There were 22,386 new-LCV registrations in October, down from 27,420 units 12 months ago. Of those, 7.6% or 1,706 were battery-electric vehicles (BEVs). Year-to-date (YTD) registrations of 235,962 units were down 19.9% on the same period in 2021. YTD BEV registrations stood at 13,065 units and made up 5.5% of the overall LCV market, up 52.9% on 2021.
Compared with October 2021, every weight sector recorded declines. Registrations of vans below a gross vehicle weight (GVW) of 2 tonnes fell 80.7%. Vans between 2-2.5 tonnes GVW declined 50.7%, while those in the 2.5-3.5 tonne sector – which made up 77.1% of all LCV registrations in the month – recorded a 7.6% drop. Pickups saw registrations return a 27.8% increase, a welcome surprise.
Looking at specific model ranges, Ford took the top two places, with the Transit Custom and Transit respectively. The Ford Ranger came in fifth while the Transit Connect was tenth with 716 units. The German duo of Volkswagen Transporter and Mercedes-Benz Sprinter claimed third and fourth spots. The Renault Trafic came in sixth with 1,048 units. The Peugeot Expert (1,011 units), Vauxhall Vivaro (992 units) and Vauxhall Movano (752 units) from Stellantis were seventh, eighth and ninth respectively.

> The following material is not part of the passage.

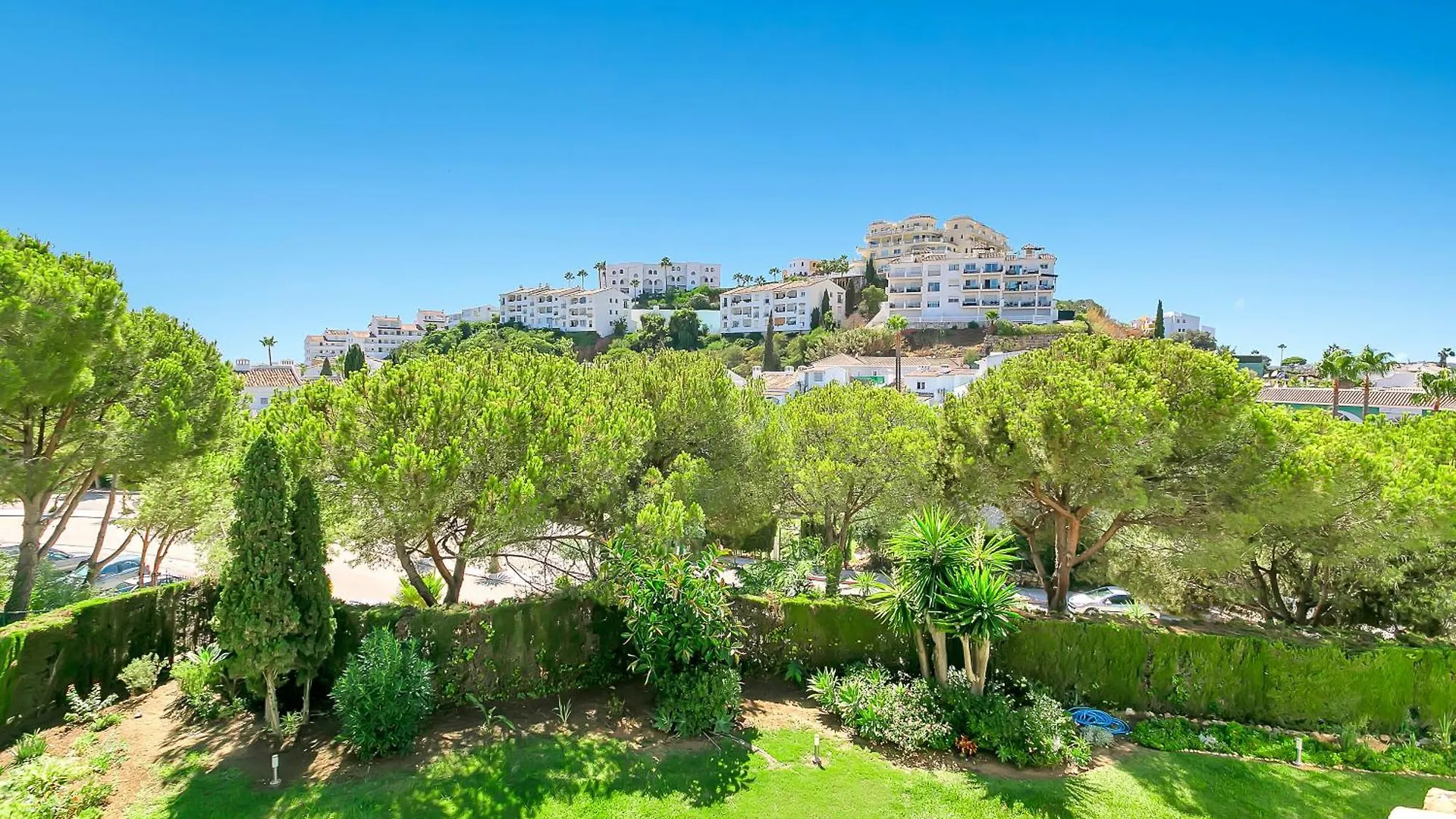 Modern Studio In Miraflores Near Amenities! Sitio de Calahonda Apartment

The Vauxhall Vivaro-e remains the best-selling electric van with 3,254 units registered YTD. Stellantis as a group registered over 70% of all BEVs in the medium-van sector, and nearly 50% of all small electric vans. Meanwhile, Ford dominated the large electric-van market with nearly half of all registrations YTD.
Despite strong order books for 2022, operating conditions remain challenging. Manufacturers continue to invest in zero-emission van models. As a result, growing numbers of van buyers are opting for green alternatives, to lower their carbon footprint while also benefitting from lower taxation, purchase incentives, and urban-zone charge exemptions.
However, rising costs and component shortages continue to hamper the supply of new vehicles into the UK. The Society of Motor Manufacturers and Traders (SMMT) has again revised its 2022 LCV registration forecast down, this time to 290,000 units. This is the fourth consecutive downward quarterly forecast revision, endorsing the market turbulence and confirming that any recovery of the new-LCV market remains some way off.
Reduced used-LCV visibility
The used-LCV market has come under pressure during 2022, as a lack of new-vehicle supply and resulting fleet extensions have reduced availability. But older and higher-mileage vehicles are starting to dominate at auction, and the overall market is showing signs of resilience as first-time conversion rates have increased for the fifth month in a row.
Glass’s data shows that the overall number of LCVs sold at auction increased by 1.7% versus September but was 11% lower than the same point 12 months ago. The medium-van sector was the most popular, accounting for 38.2% of all auction sales. Meanwhile, stock in the 4x4 sector attracted the strongest average sales prices at £14,200.
The average age of vehicles sold in October increased by 0.6 months to 78.9 months, while the average mileage increased to 82,541 miles from 80,953 in September. The latest average mileage is nearly 900 miles more than 12 months ago. First-time conversion rates for October improved by 4% to 79.7%. The small-van sector returned the best conversion rate at 84% (up 4.2% on September), while 4x4 was the weakest performing sector at 72.6%, a 1.3% improvement.
Used vehicles available on the wholesale market in October dropped by 0.25% to just over 40,500 units. An increase of roughly 47% of all vehicles were on sale for £20,000 or more, while 36.7% were on offer for between £20,000 and £10,000. At the lower end of the market, the volumes remained relatively unchanged with 12.9% of vehicles on sale for between £10,000 and £5,000 and 4% on sale for £5,000 or less.